**Work order**
Transcribe the data in full and exactly, omitting any pictures.

**The data**
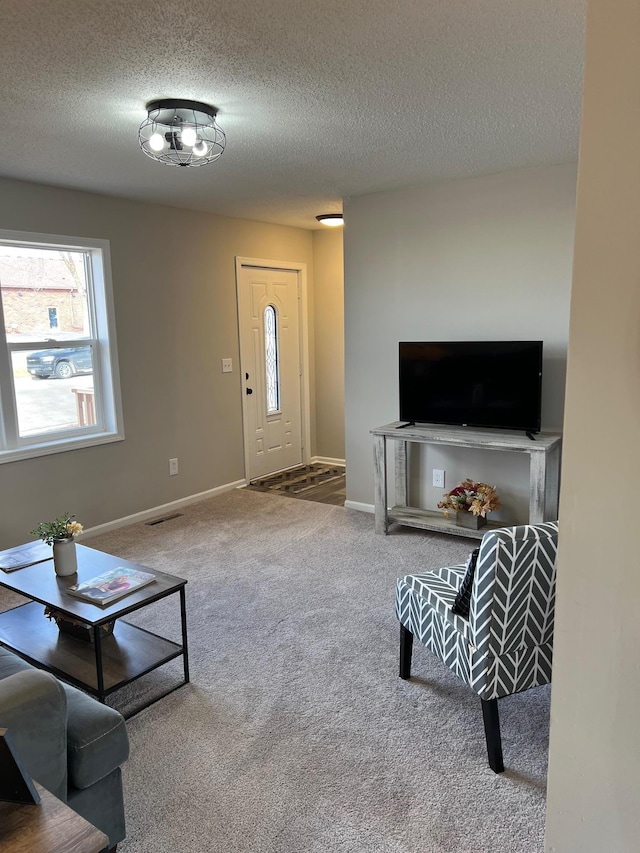 living room with carpet floors, visible vents, a textured ceiling, and baseboards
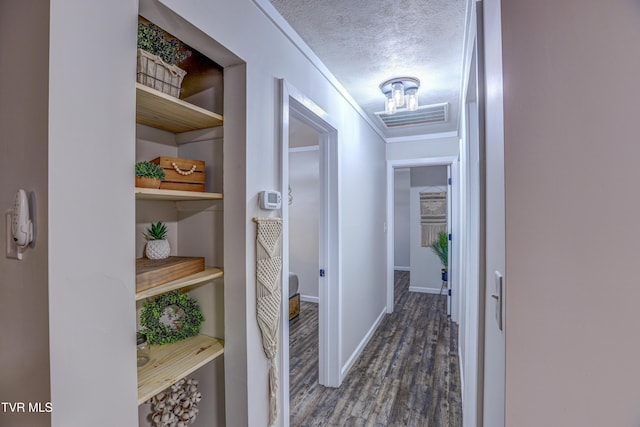 hallway featuring a textured ceiling, visible vents, dark wood-style flooring, crown molding, and baseboards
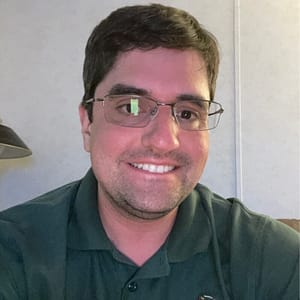 A man wearing glasses and a green shirt at the MC Fireside Chats event on December 21st, 2022.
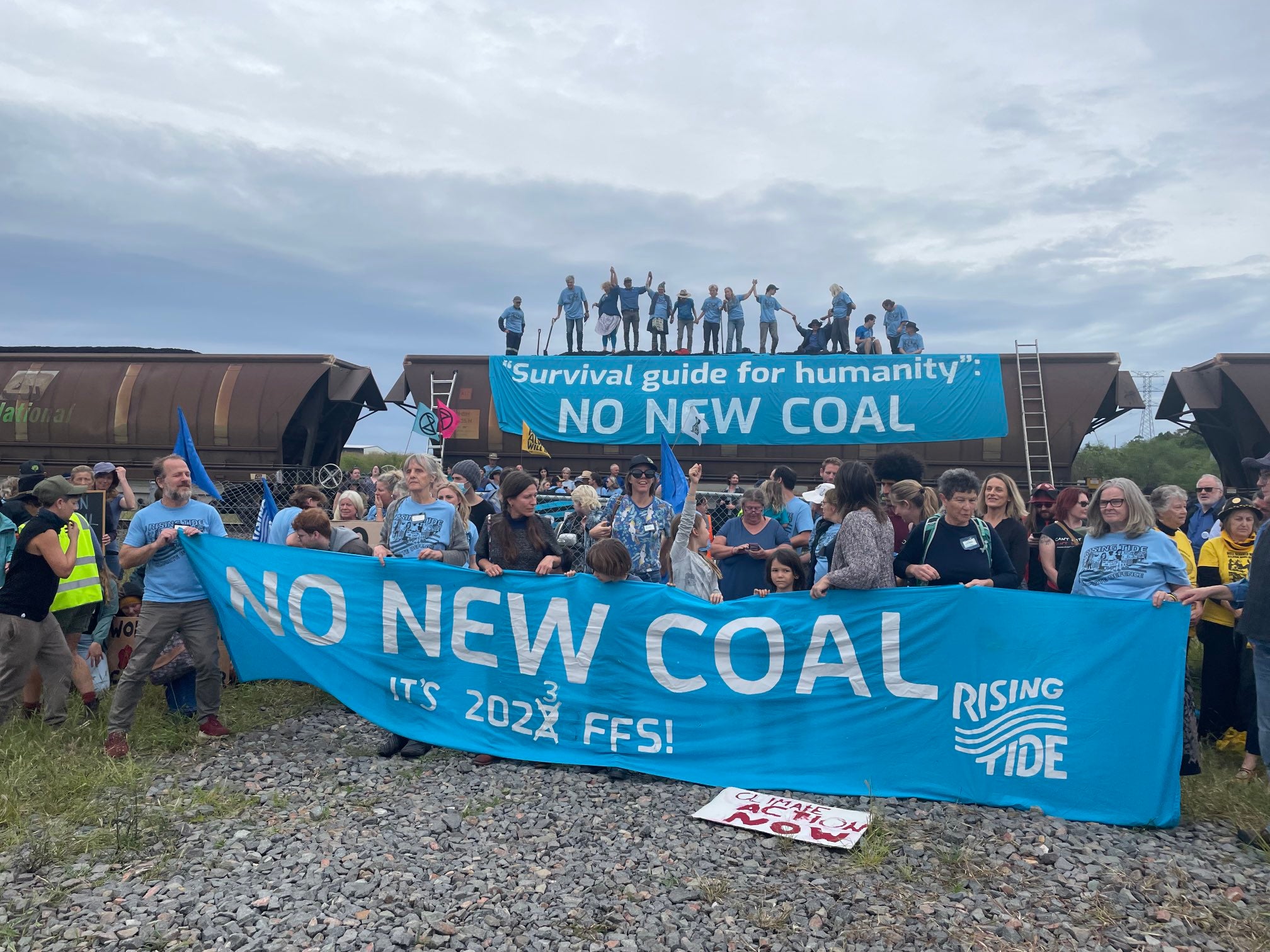 Climate activists involved in the protest halt train and shoveled coal out of its wagons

**Output for this task**
 living room with carpet floors, visible vents, a textured ceiling, and baseboards
 hallway featuring a textured ceiling, visible vents, dark wood-style flooring, crown molding, and baseboards
 A man wearing glasses and a green shirt at the MC Fireside Chats event on December 21st, 2022.
 Climate activists involved in the protest halt train and shoveled coal out of its wagons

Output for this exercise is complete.